Work task —
Copy the data verbatim and leave out every picture.

Data for processing —
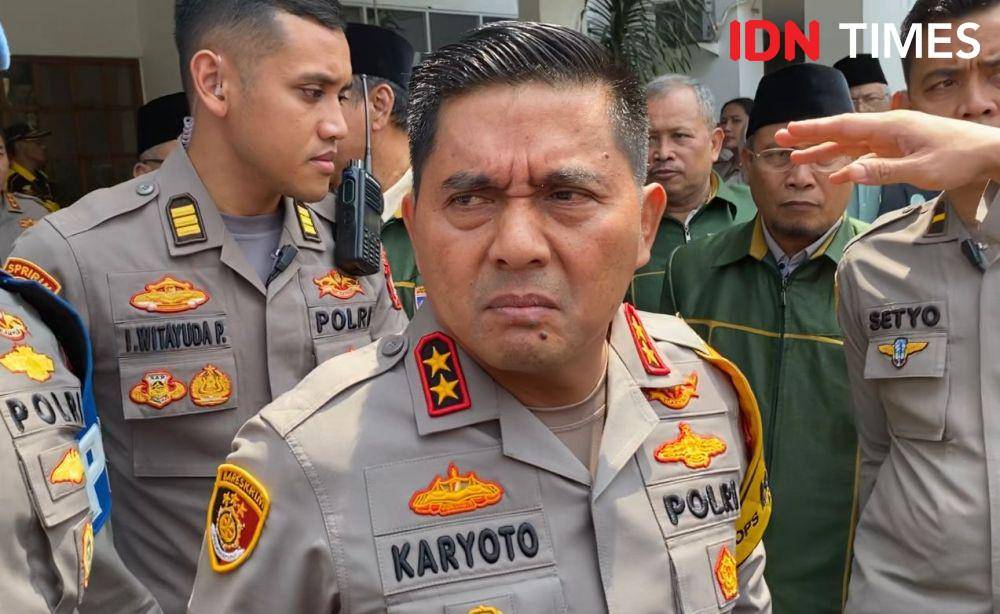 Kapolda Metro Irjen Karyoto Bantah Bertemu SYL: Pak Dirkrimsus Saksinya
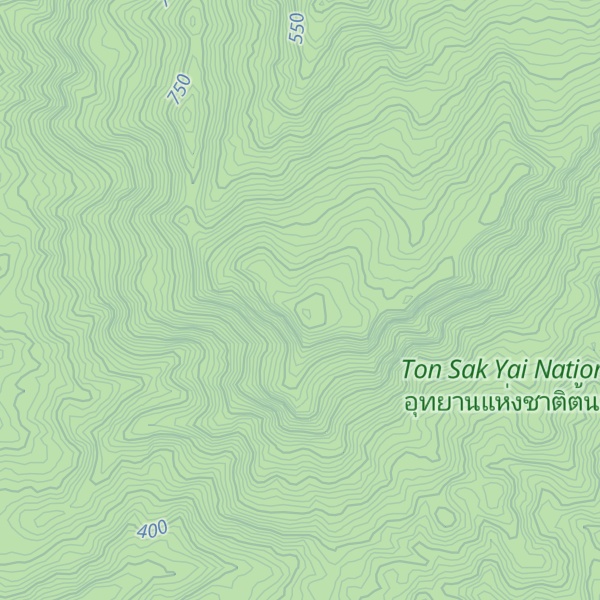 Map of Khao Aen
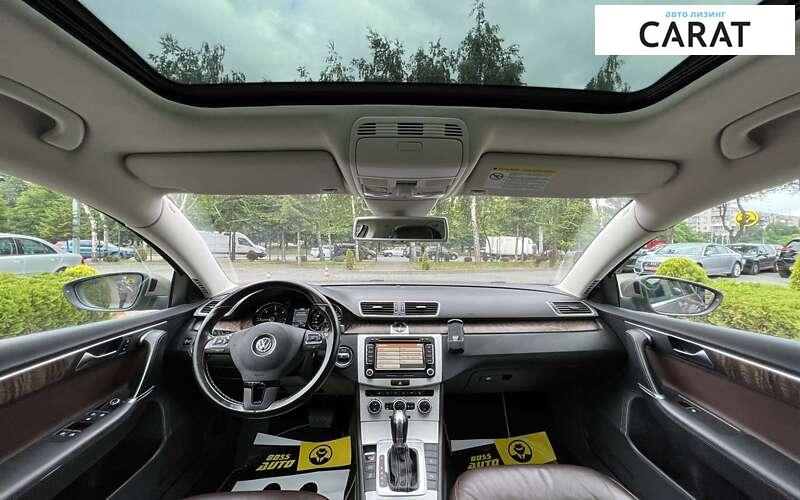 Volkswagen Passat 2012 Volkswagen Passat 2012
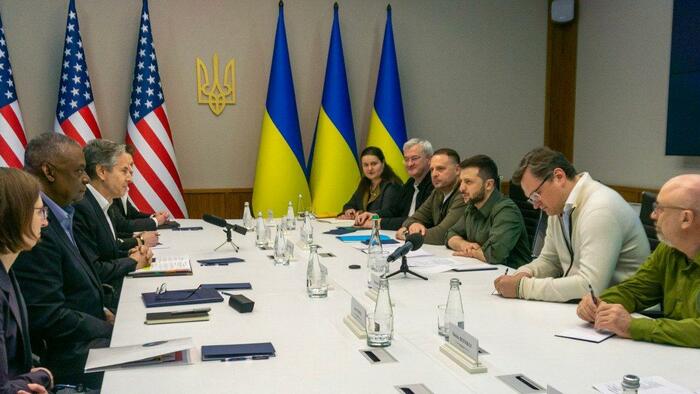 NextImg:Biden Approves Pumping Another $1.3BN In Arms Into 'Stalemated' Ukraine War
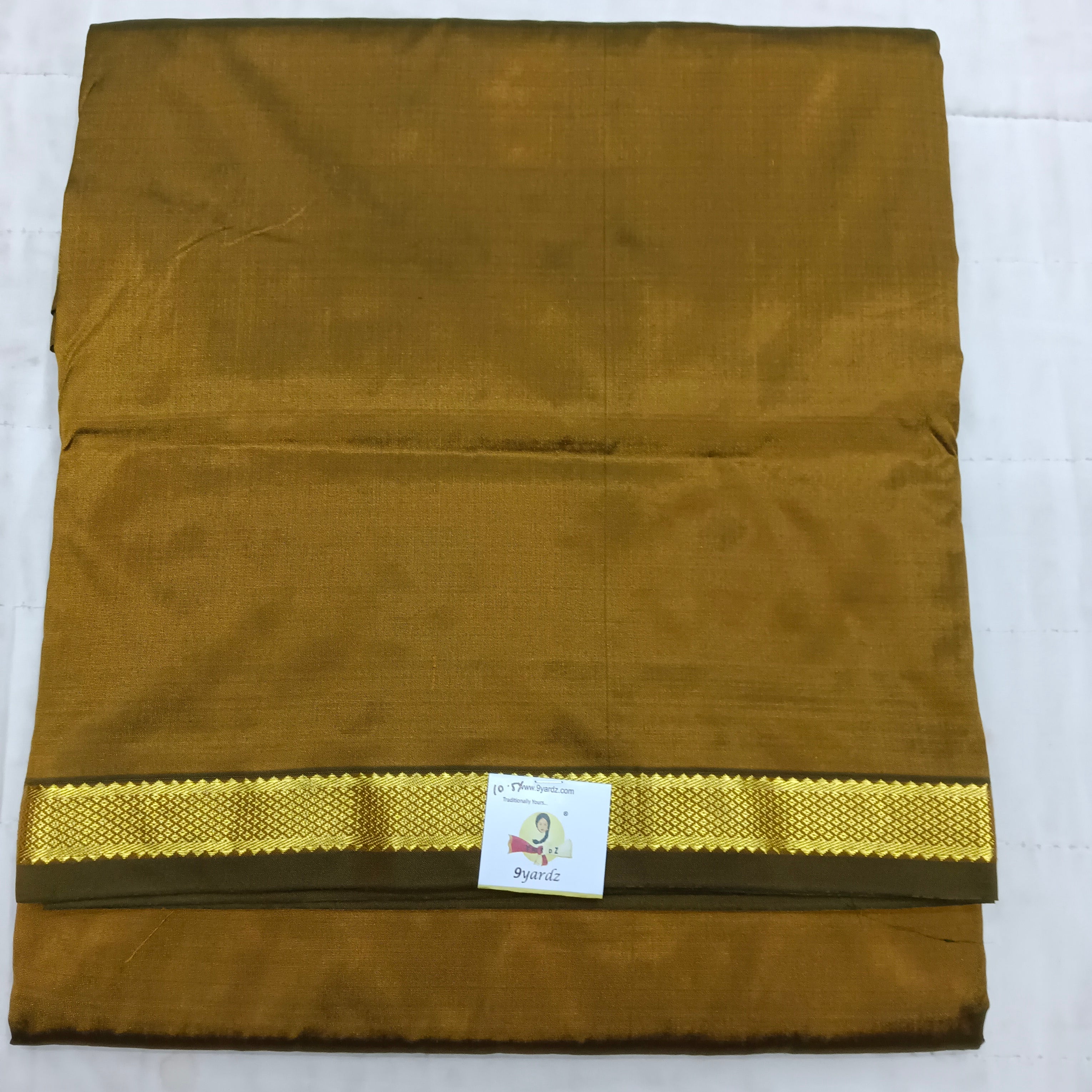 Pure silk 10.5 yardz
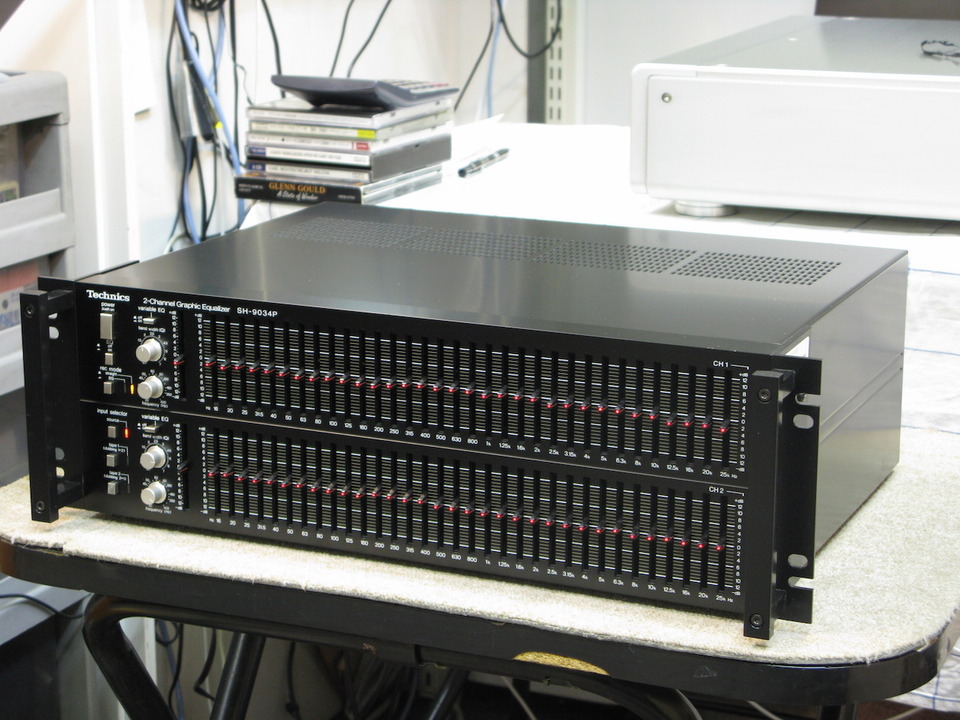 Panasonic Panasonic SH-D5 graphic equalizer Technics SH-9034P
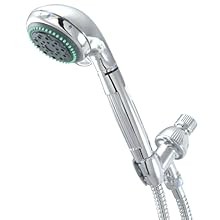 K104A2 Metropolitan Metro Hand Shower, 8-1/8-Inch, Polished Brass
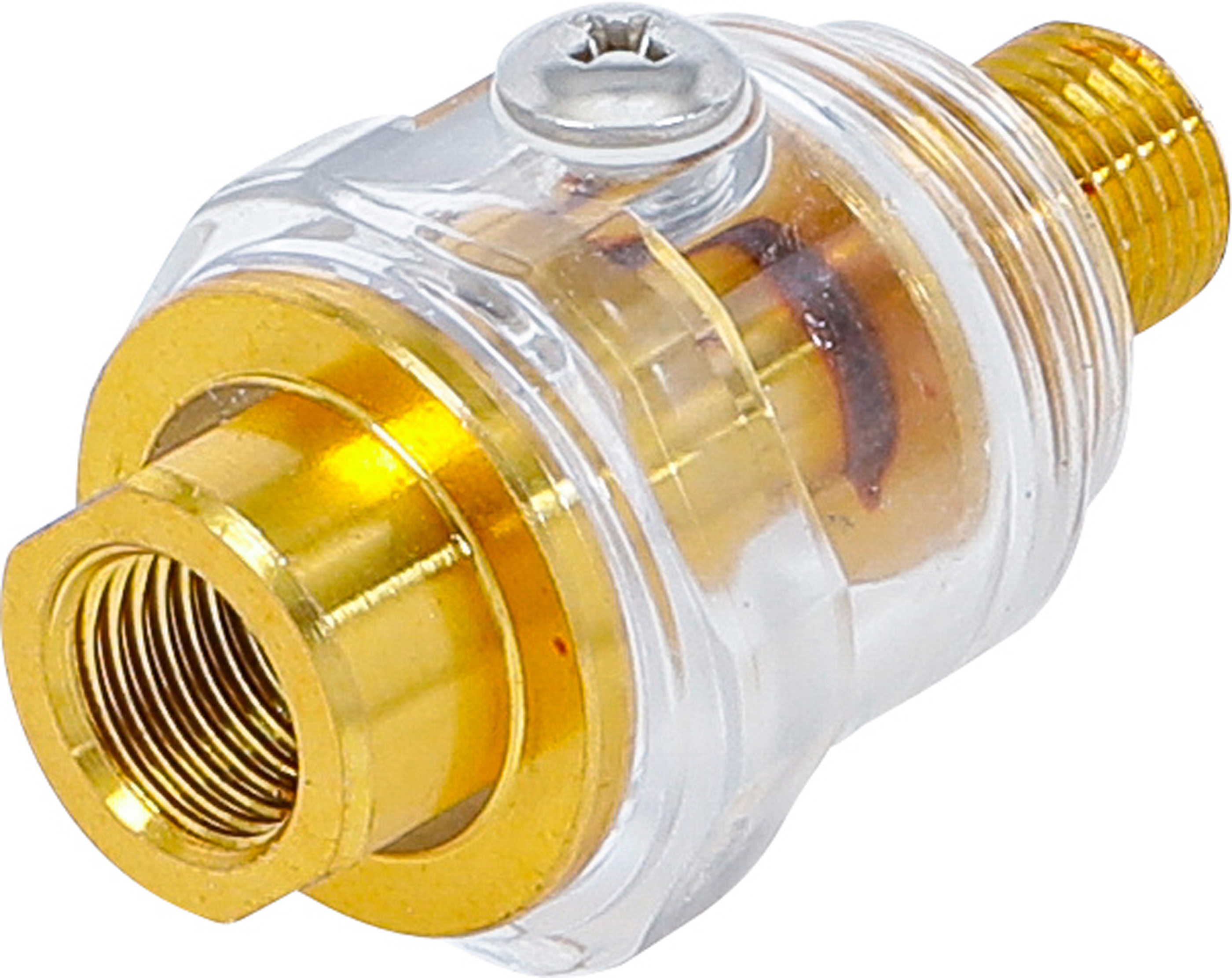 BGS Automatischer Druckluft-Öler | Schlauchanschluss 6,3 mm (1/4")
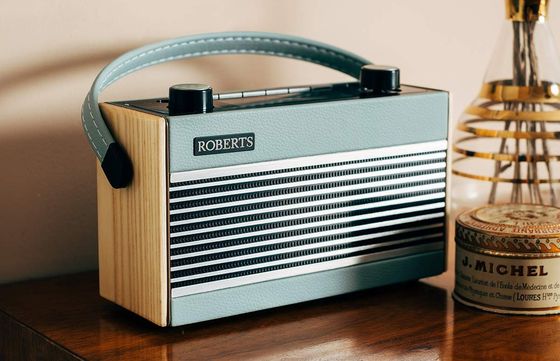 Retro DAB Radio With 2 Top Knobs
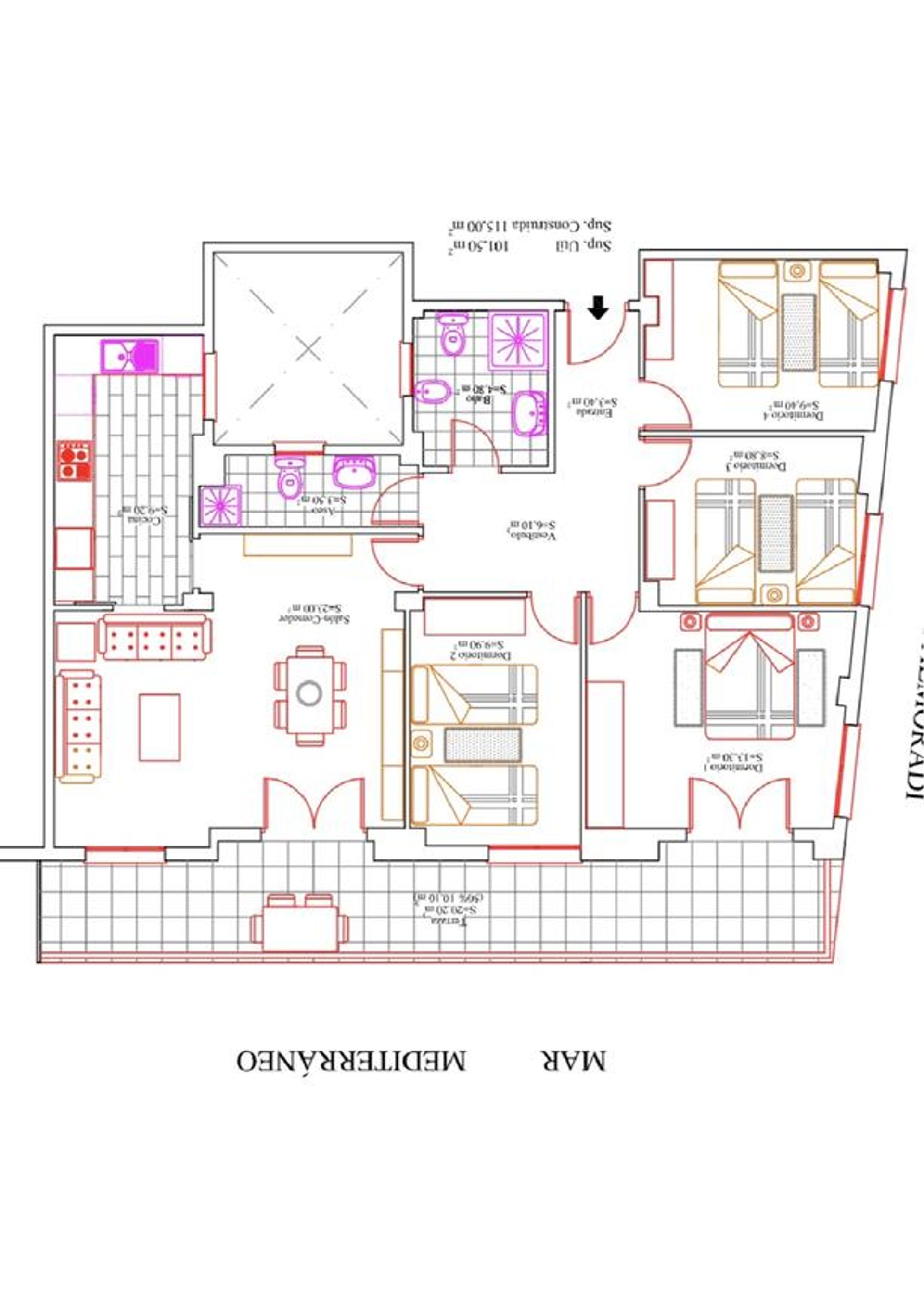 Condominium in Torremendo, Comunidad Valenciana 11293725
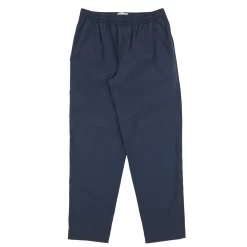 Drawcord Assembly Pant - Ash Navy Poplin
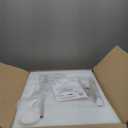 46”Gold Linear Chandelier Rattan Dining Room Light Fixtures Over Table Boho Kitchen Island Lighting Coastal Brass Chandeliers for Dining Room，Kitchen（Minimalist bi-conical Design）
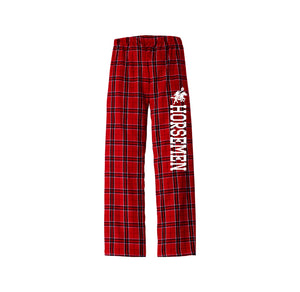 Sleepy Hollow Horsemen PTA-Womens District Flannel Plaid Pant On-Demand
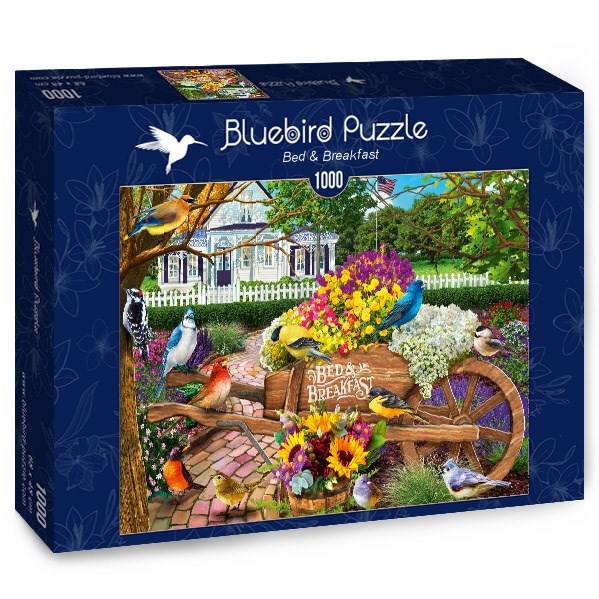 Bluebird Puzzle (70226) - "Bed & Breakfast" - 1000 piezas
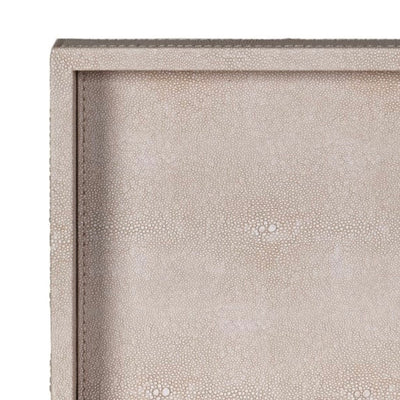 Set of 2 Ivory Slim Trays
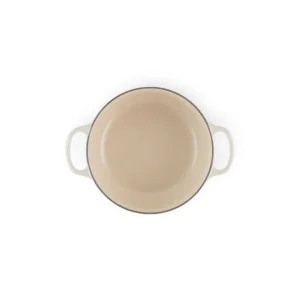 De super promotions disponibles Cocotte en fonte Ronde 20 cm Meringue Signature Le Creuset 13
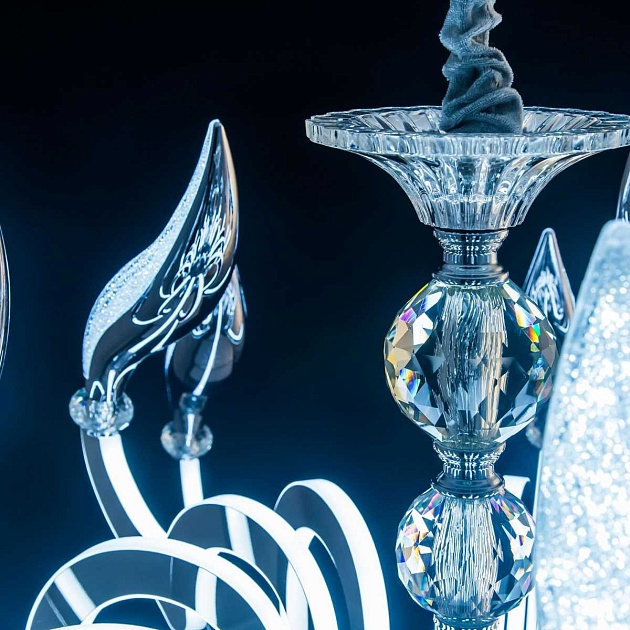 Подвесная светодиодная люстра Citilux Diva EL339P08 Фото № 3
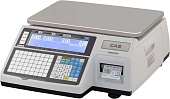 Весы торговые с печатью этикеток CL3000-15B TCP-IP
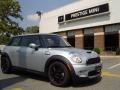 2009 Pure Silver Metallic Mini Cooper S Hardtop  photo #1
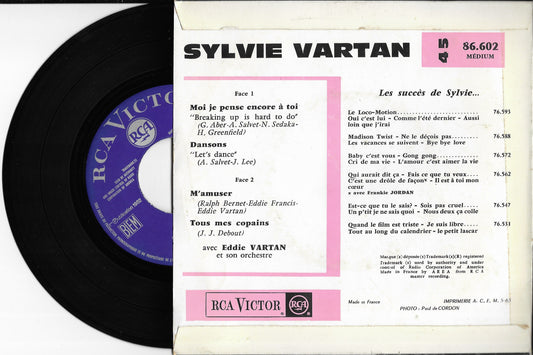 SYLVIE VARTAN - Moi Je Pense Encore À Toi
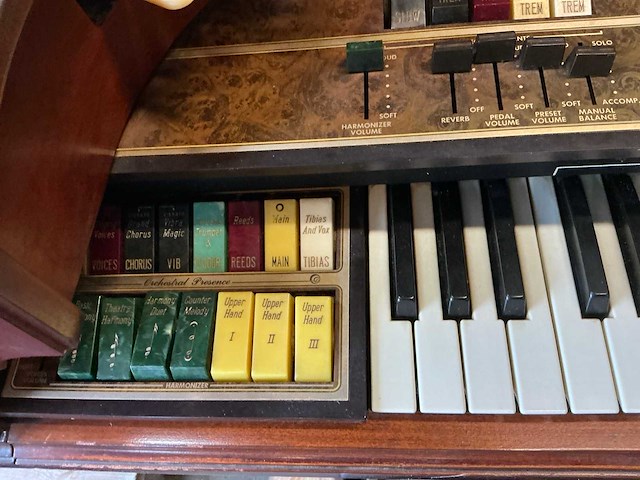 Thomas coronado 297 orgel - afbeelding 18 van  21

Result —
 Kapolda Metro Irjen Karyoto Bantah Bertemu SYL: Pak Dirkrimsus Saksinya
 Map of Khao Aen
 Volkswagen Passat 2012 Volkswagen Passat 2012
 NextImg:Biden Approves Pumping Another $1.3BN In Arms Into 'Stalemated' Ukraine War
 Pure silk 10.5 yardz
 Panasonic Panasonic SH-D5 graphic equalizer Technics SH-9034P
 K104A2 Metropolitan Metro Hand Shower, 8-1/8-Inch, Polished Brass
 BGS Automatischer Druckluft-Öler | Schlauchanschluss 6,3 mm (1/4")
 Retro DAB Radio With 2 Top Knobs
 Condominium in Torremendo, Comunidad Valenciana 11293725
 Drawcord Assembly Pant - Ash Navy Poplin
 46”Gold Linear Chandelier Rattan Dining Room Light Fixtures Over Table Boho Kitchen Island Lighting Coastal Brass Chandeliers for Dining Room，Kitchen（Minimalist bi-conical Design）
 Sleepy Hollow Horsemen PTA-Womens District Flannel Plaid Pant On-Demand
 Bluebird Puzzle (70226) - "Bed & Breakfast" - 1000 piezas
 Set of 2 Ivory Slim Trays
 De super promotions disponibles Cocotte en fonte Ronde 20 cm Meringue Signature Le Creuset 13
 Подвесная светодиодная люстра Citilux Diva EL339P08 Фото № 3
 Весы торговые с печатью этикеток CL3000-15B TCP-IP
 2009 Pure Silver Metallic Mini Cooper S Hardtop  photo #1
 SYLVIE VARTAN - Moi Je Pense Encore À Toi
 Thomas coronado 297 orgel - afbeelding 18 van  21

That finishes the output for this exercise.